9/11 might not have changed everything, but it did change Bush, in two stages. Sheehy’s article reminds us of the first stage. For a crucial twelve hours, Bush pretty much lost control.



This isn’t to disparage him in particular. Karl Weick, a well known psychologist, has made a study of disasters. In a famous paper about a fire that killed several firefighters in Montana, he tracked the unfolding disarray that led to their deaths, and gave it a name: the collapse of sensemaking. Those routines by which we usually organize and manage events (the official procedures, the instruments, the tacit knowledge, the interpersonal trust) all seem to fall apart simultaneously. When Atta’s group took over the plane in the first twenty minutes out of Boston, the effect of that information seems to have produced a rapidly transmitted and magnified shock all along the system that connects the power establishment with the instruments of control. One has only to notice Bush’s response to the first crash, registered by Sheehy through one of her witnesses, the wife of one of the pilots: "I can’t get over what Bush said when he was called about the first plane hitting the tower: ‘That’s some bad pilot.’" Like any other mook that day, Bush didn't know what to make of the information.



The response to the infliction of such trauma on a system of power can move in several ways. It can produce surrender, resistance, regroupment, etc. etc. In Bush’s case, it became of crucial importance to overcome the initial evidence of panic. He did that, in the next week, by acting with a fortified coolness. The power system regrouped. The attack, while symbolically painful, actually changed nothing about the real balance of power. In order to overcome that moment of weakness we all saw on 9/11, Bush and his constituency – the whole nation, at the time – colluded in a little pretence that it hadn’t happened. We re-edited the past. Bush, in the meantime, reached some compact with his inner John Wayne to get himself – and us – over the hump.

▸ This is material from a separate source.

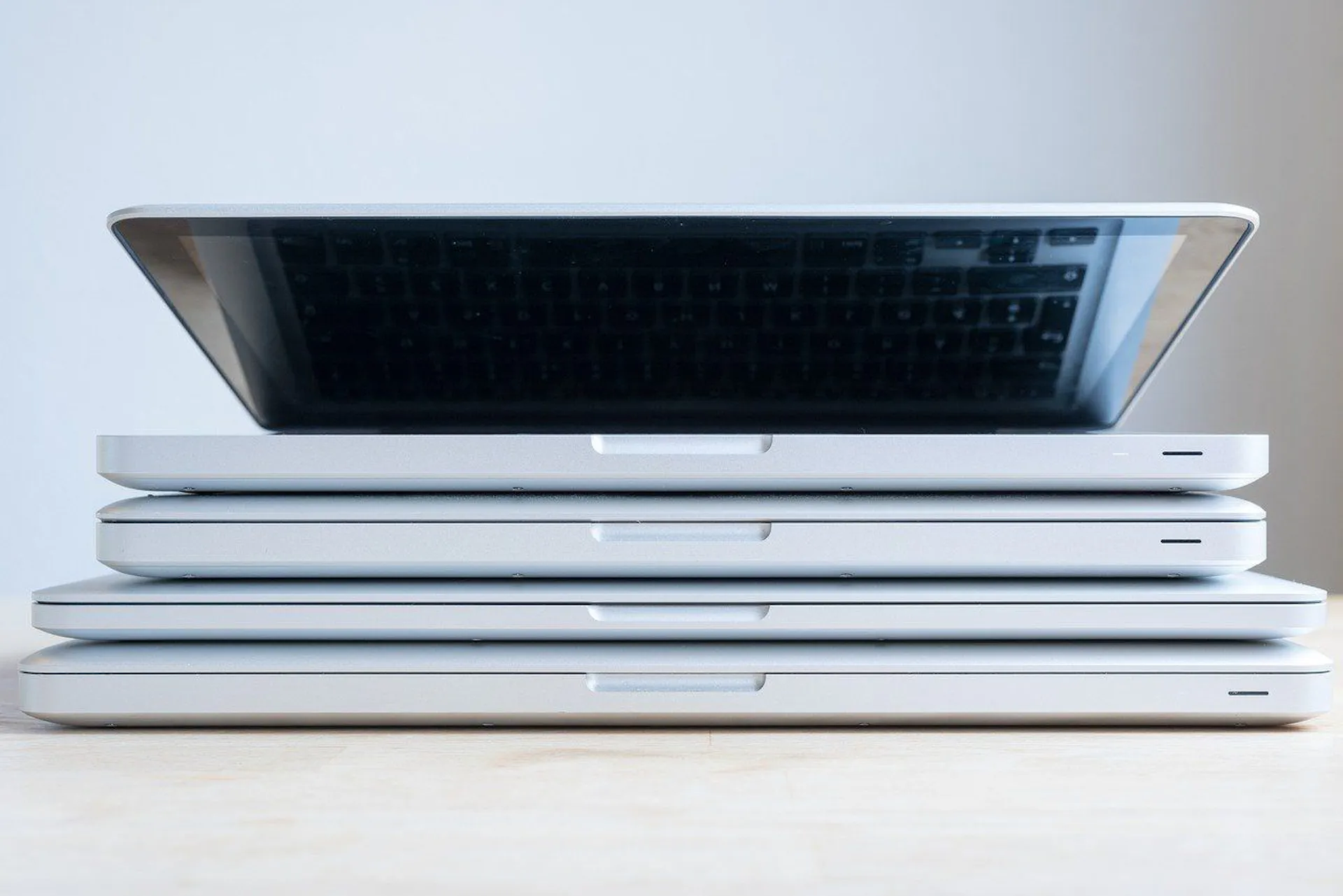 Image Source: https://pixabay.com/photos/laptops-devices-computers ...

This worked all too well to satisfy two desires – the public’s, for a narrative that included a hero to get us out of this horrible situation, and Bush’s, to measure up to the man he wanted to be. As Bush metamorphosed into John Wayne, he erased his earlier fumbles; as he erased those fumbles, he gained popularity; as he gained popularity, he armed himself against those – the press, the opposition – who might have a motive to point to those fumbles. And, as importantly, the D.C. court system began to exert its influence on him, stroking his vanity with the flattery he obviously craved -- that he actually was some avatar of the Duke.

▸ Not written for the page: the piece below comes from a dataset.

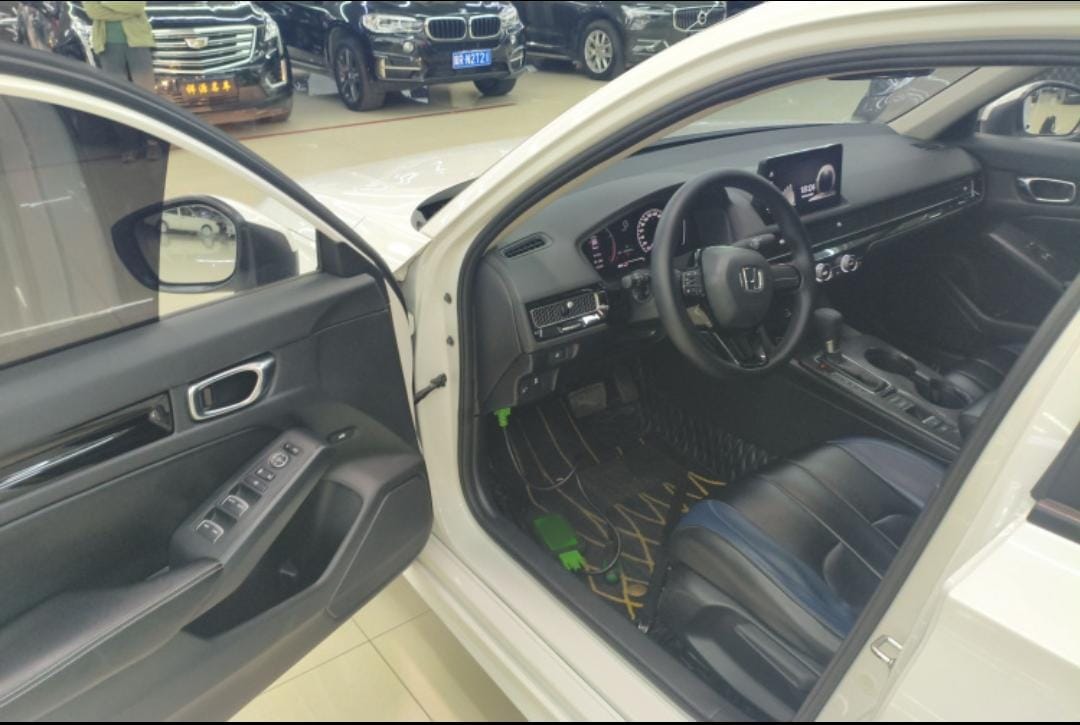 Honda Civic 180TURBO CVT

In 2000, nobody, including Bush, would have bought that story. There has always been a vagueness in Bush’s background, and it has always been connected to the sometimes inappropriate fervor with which he publicly embraces Jesus. Sophisticates who think of that as political gesturing are not sophisticated enough – Bush’s need for salvation is palpably real. William James called it the Will to Believe. George Bush would certainly have gone down the road so shoddily essayed by his brother Neal, of Silverado S and L fame, if he hadn’t, as A.A. puts it, accepted a higher power. The need to do so wasn’t held against him by the electorate in 2000. Who among us, after all, hasn’t felt that need? And who can really make a virtue out of resisting it? Rather, the resistance turns on finding substitutes for it – higher powers, after all, can be history, can be art, can be all the Godheads in the pantheon. Atheistic monkeys haven’t yet evolved.



Unfortunately for Bush and his political advisors, they have forgotten this. They have sold themselves on the John Wayne persona. The Bush who once needed Jesus has reversed that formula : now Jesus needs him. Even discounting as exaggerated reports that Bush has talked about himself as some important figure in God’s plan for the world, something did click in his head after 9/11 that corresponds with that kind of arrogance. Why? Let me suggest that the weakness he showed on 9/11 was all too reminiscent, to Bush himself, of certain inglorious episodes in his past. His subsequent arrogance fills in the blanks that Bush has willed into his own biography.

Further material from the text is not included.